I made it through the checkpoint and though the flats and hit the descent on the backside of Kevins. Mile 90. Pshhhhhhh. The rear tire went flat immediately. I pulled over. After last year I’ve been running Specialized Controls for a year without a single flat. The Renegade just couldn’t keep the knife point of the rock at bay and it punched right through. Staying calm I hit it with CO2. The leak sealed for a second and then pshhhhhhht, an fountain of Orange Seal shot into the dirt. Stay calm. I took out the tube, mounted the tire and hit it again with CO2. Pshhhhhh. Air escaped around the valve stem. This wasn’t happening. Riders were starting to fly by. I took the tube back out and there was a small defective spot. I got out the patch kit but the tube was so slimy that nothing would stick. Blindly I tried the hand pump. Nothing but a flaccid tube dangling in my hand. More riders flew by. “Help, help. Please. Tube? CO2?” Nothing. Finally someone heard my please. It was Ten Dam. “Thanks so much man, I hope this doesn’t slow you down.” “Oh this isn’t slowing me down, my legs are slowing me down. I’m dead. I’ve got nothing left” he groaned. He tossed me a tube and disappeared. Saved! I started to inflate it in preparation for the install but right away air began to leak from pin holes. Another bum tube. Now I was panicking. “Help, please!” Bryan Dillon stopped and tossed me his tube and CO2. What a nice dude. He disappeared. I installed it and started to hit it with CO2. It cross threaded and exploded icy vapor on my hands. I started to pump. It was a road tube. This was going to take a lot of pressure. After 5 minutes of pumping it felt like a hard garden hose inside the tire. This wasn’t working. Cameron Piper rode by and tossed a CO2. Finally. Inflation. Rock hard but safe.

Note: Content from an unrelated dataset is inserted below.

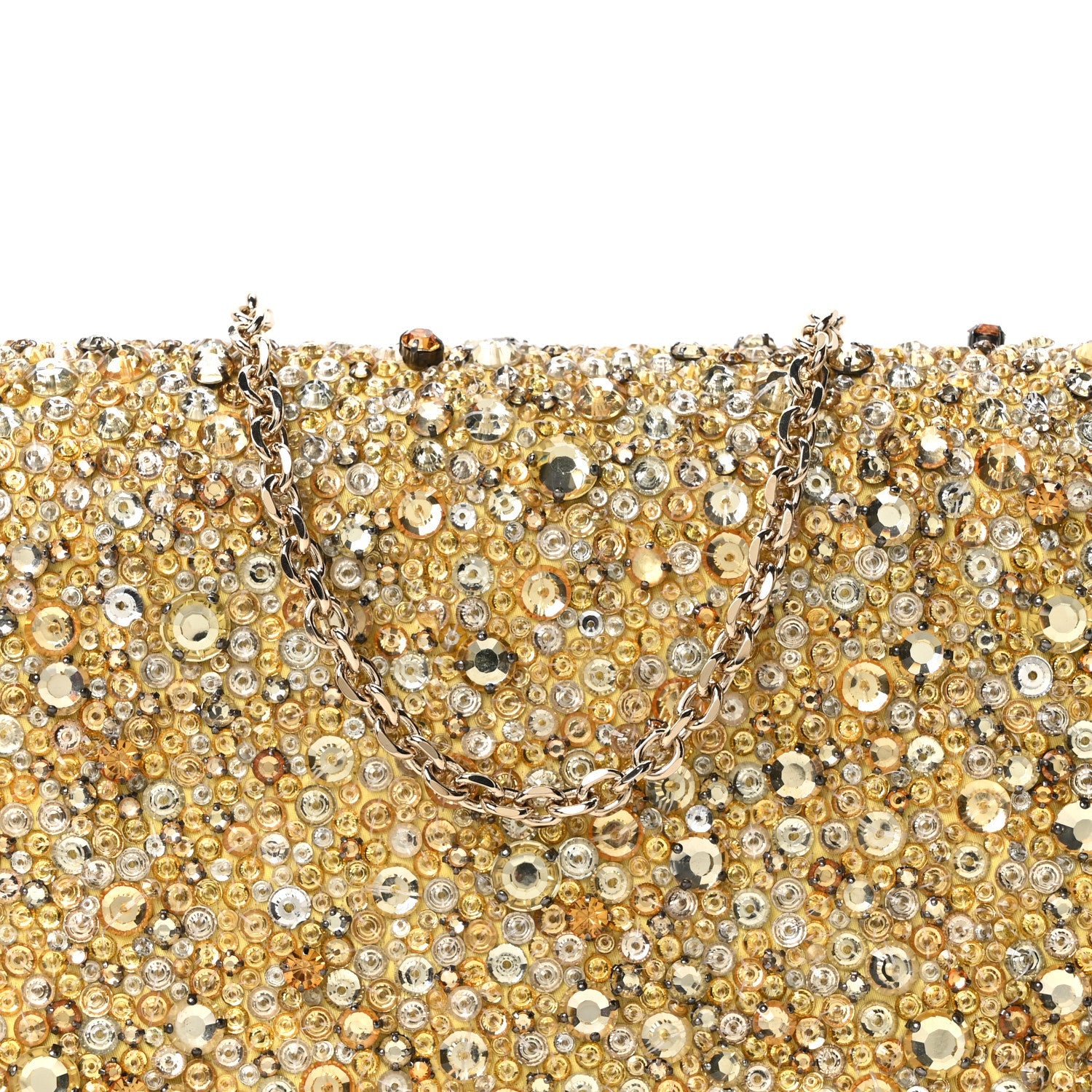 Calfskin Satin Bead Embroidery Lady D1OR Clutch Gold Yellow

I packed up my trailside mess and started to pedal. When I flatted my Garmin was at 6:12. It now read 6:47. 35 minutes had passed and almost two dozen riders had sped passed. I was just happy to be rolling again. There was a moment when I thought I’d be stuck on the mountain for the rest of the day. To say it was disappointing is an understatement but that’s the allure of Leadville. It’s a long race and there’s a lot that can go wrong. In the end my time was identical to two years ago but instead of the elation I felt last time I was filled with disappointment. All that work to shave 30 minutes off the race only to lose it standing on the side of the trail. Next year. Maybe DH tires?